§ **Exercise requirements**
Please print exactly the line containing "Sheet Pan Smoky Chorizo and Potato Bake" and every line after it to the end of the records below, and nothing more.

====== Stored data ======

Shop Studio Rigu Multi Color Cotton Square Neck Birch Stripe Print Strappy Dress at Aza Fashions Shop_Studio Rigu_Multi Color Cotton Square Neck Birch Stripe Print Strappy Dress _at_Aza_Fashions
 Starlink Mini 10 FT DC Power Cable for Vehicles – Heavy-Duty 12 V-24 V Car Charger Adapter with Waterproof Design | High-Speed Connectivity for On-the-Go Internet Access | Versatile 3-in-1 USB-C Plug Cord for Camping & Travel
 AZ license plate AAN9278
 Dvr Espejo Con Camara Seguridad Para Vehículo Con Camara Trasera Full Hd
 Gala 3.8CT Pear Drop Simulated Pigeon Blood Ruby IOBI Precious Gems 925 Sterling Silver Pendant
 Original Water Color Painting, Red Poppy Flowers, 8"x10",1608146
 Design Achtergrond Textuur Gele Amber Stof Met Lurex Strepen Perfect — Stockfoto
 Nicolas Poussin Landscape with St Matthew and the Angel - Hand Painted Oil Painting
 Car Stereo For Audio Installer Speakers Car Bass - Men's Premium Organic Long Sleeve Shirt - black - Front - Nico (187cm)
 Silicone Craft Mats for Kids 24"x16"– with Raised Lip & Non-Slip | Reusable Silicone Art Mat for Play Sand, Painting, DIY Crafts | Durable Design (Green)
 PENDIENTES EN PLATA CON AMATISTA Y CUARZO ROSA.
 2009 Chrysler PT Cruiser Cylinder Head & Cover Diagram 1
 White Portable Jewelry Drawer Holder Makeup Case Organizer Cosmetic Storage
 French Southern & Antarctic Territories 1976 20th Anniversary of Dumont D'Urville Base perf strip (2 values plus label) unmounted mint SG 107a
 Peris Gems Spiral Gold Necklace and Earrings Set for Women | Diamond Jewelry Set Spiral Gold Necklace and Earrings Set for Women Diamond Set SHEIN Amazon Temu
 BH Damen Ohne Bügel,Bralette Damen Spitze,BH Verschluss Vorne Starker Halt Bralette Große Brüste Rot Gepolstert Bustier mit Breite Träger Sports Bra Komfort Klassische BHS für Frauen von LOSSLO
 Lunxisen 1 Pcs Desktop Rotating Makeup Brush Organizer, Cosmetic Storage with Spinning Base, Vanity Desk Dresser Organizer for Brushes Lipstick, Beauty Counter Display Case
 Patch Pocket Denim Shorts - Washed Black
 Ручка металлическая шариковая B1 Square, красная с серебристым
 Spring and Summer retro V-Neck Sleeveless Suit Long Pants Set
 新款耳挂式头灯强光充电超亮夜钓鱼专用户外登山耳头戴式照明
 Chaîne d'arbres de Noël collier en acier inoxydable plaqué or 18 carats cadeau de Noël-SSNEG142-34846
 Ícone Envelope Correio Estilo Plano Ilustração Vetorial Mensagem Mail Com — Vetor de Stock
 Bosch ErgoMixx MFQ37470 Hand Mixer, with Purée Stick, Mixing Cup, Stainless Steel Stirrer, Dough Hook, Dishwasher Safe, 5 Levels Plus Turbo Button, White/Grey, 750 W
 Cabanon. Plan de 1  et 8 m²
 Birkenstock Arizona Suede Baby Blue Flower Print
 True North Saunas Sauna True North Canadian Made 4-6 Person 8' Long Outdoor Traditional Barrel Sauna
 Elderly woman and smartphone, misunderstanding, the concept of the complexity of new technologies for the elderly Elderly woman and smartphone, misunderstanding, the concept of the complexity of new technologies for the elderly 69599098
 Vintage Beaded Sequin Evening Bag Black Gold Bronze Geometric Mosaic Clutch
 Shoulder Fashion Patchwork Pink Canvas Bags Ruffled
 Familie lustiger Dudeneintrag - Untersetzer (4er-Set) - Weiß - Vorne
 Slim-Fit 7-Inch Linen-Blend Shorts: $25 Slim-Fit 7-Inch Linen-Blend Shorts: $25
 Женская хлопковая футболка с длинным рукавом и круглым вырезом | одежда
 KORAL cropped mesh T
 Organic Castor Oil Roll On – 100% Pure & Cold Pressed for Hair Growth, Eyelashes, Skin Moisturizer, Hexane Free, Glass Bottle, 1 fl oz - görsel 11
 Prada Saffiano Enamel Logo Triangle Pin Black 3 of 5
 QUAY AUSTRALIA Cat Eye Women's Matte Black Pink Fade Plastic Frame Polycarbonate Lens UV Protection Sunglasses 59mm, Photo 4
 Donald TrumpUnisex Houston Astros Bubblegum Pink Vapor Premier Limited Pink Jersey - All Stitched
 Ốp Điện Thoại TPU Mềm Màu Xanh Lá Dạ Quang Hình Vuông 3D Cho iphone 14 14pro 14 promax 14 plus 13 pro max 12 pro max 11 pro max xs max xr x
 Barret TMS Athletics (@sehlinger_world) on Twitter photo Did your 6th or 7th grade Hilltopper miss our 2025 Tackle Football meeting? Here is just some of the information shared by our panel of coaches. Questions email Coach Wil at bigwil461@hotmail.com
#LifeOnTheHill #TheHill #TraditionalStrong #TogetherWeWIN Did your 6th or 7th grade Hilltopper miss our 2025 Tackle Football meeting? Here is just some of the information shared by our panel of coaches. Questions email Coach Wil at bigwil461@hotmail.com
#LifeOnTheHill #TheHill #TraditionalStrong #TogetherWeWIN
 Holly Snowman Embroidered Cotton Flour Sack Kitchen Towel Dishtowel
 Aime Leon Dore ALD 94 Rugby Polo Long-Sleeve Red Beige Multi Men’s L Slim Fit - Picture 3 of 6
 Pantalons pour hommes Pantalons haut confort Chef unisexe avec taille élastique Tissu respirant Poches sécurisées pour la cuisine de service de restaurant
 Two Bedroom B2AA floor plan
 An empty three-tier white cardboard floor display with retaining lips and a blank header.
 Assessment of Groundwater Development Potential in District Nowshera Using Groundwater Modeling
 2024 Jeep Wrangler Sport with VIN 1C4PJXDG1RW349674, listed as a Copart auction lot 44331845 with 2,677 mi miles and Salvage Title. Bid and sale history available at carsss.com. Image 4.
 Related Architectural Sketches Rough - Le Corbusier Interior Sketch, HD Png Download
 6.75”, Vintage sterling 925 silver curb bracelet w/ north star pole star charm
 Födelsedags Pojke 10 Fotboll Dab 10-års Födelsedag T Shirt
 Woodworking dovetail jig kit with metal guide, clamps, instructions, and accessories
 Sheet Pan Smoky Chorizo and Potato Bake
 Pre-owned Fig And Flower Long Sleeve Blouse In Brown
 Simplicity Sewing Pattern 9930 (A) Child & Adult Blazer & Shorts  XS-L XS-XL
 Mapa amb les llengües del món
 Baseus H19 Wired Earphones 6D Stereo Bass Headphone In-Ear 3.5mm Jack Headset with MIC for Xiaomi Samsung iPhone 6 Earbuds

======

§ **Completed task**
 Sheet Pan Smoky Chorizo and Potato Bake
 Pre-owned Fig And Flower Long Sleeve Blouse In Brown
 Simplicity Sewing Pattern 9930 (A) Child & Adult Blazer & Shorts  XS-L XS-XL
 Mapa amb les llengües del món
 Baseus H19 Wired Earphones 6D Stereo Bass Headphone In-Ear 3.5mm Jack Headset with MIC for Xiaomi Samsung iPhone 6 Earbuds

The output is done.